The project is the first of its kind in Europe, breaking with standard practice in the aerospace sector to design the continent’s first completely reusable commercial launcher. Traditionally, disposable rockets have been used to launch satellites into orbit. These new rockets will drastically cut the cost of scientific and commercial access to space.
Reusable rocket technologies have already been developed in the States by companies such as SpaceX and Blue Origin. In December 2015 and for the first time in history, Elon Musk’s SpaceX successfully landed its Falcon 9, a 70m tall rocket weighing in at 550 tonnes on take-off. This technological milestone was joined in the same year by the landing of the unmanned New Shephard rocket by Jeff Bezos’ Blue Origin, another entrepreneur perhaps better known for his online retail company, Amazon. Both companies have had the financial and technological backing of NASA from the outset to carry out these feats, which have passed into the history books.
PLD Space’s project is a first in Europe for liquid propulsion launchers.

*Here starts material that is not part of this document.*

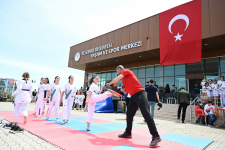 “Türkiye Yüzyılında Gençlerimize Büyük Görevler Düşüyor”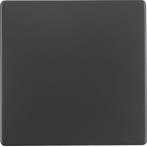 Hager Berker Q.1/Q.3 Control Element/Central Plate, Verzenden, Nieuw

Currently the team is immersed in the technology development stage, aiming to have a reusable rocket ready by 2018. For its CEO and co-founder, Raúl Torres, «this project is the beginning of ESA support for our company and small commercial launcher technologies», adding that «PLD Space rockets will meet the launch needs of the small satellite market, valued at over seven billion dollars in 2020».
Meanwhile, technology director and fellow co-founder, Raúl Verdú, tells us that «we are positioning ourselves within Europe as the go-to provider for the commercial space launchers of the future». He also points out that «the American company SpaceX achieved what it did with 4000 engineers, and at Blue Origin the team is now 500 strong. PLD Space hopes to employ just over 100 engineers by 2020».

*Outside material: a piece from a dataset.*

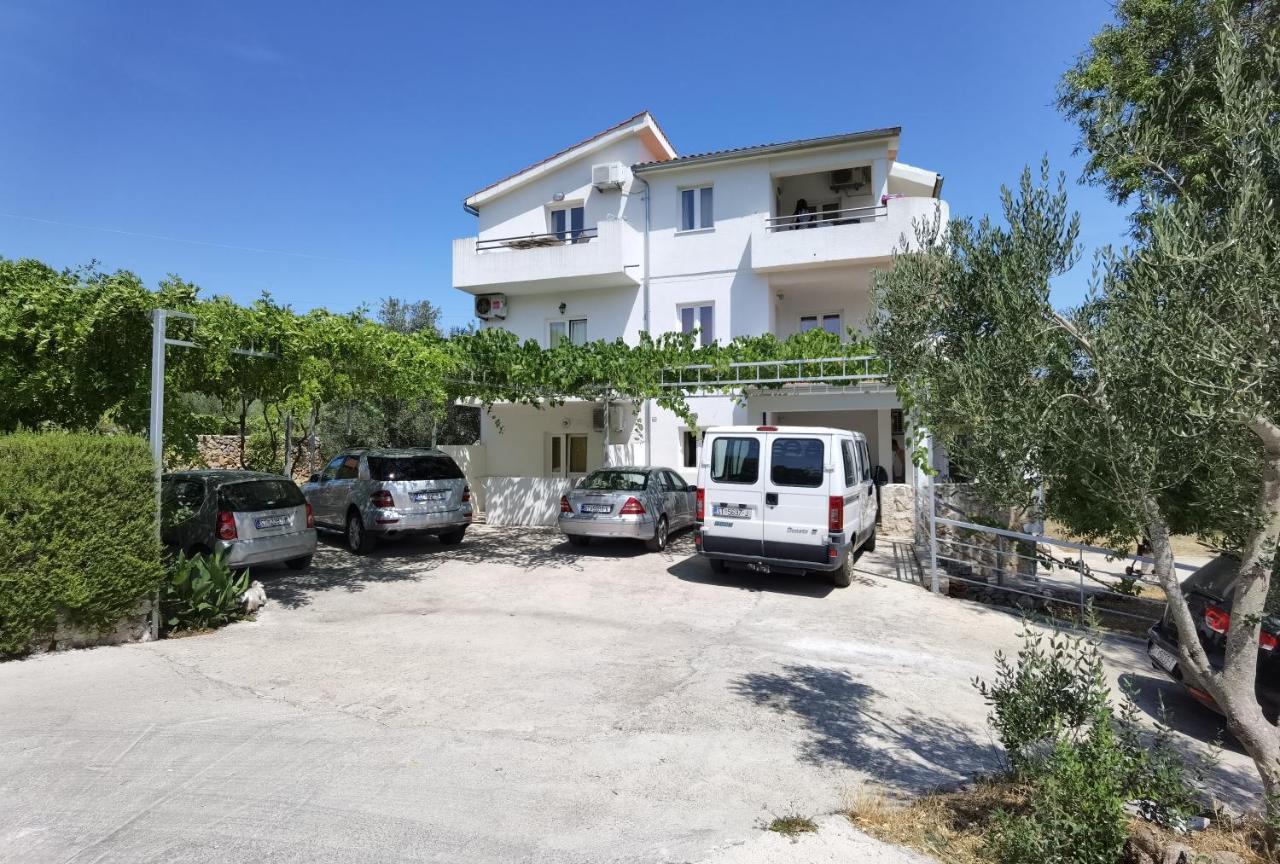 Apartments Marković Stari Grad  Buitenkant foto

Based at the UMH Science Park, PLD Space is already working on its next phase. This includes opening, in Elche, the first suborbital and small orbital rocket manufacturing and assembly plant in Europe. As Torres and Verdú point out, «Elche will become the European technology hub for this sector and will attract highly-qualified engineering, manufacturing and assembly professionals in all rocket subsystems».
Besides its installations at the UMH Science Park, the company has a test stand at Teruel airport. It plans to build two new test stands at this site in order to meet the needs of its development programme. These stands will allow the company to test its rocket motors before flight, as well as conduct static testing of the fully-assembled rockets.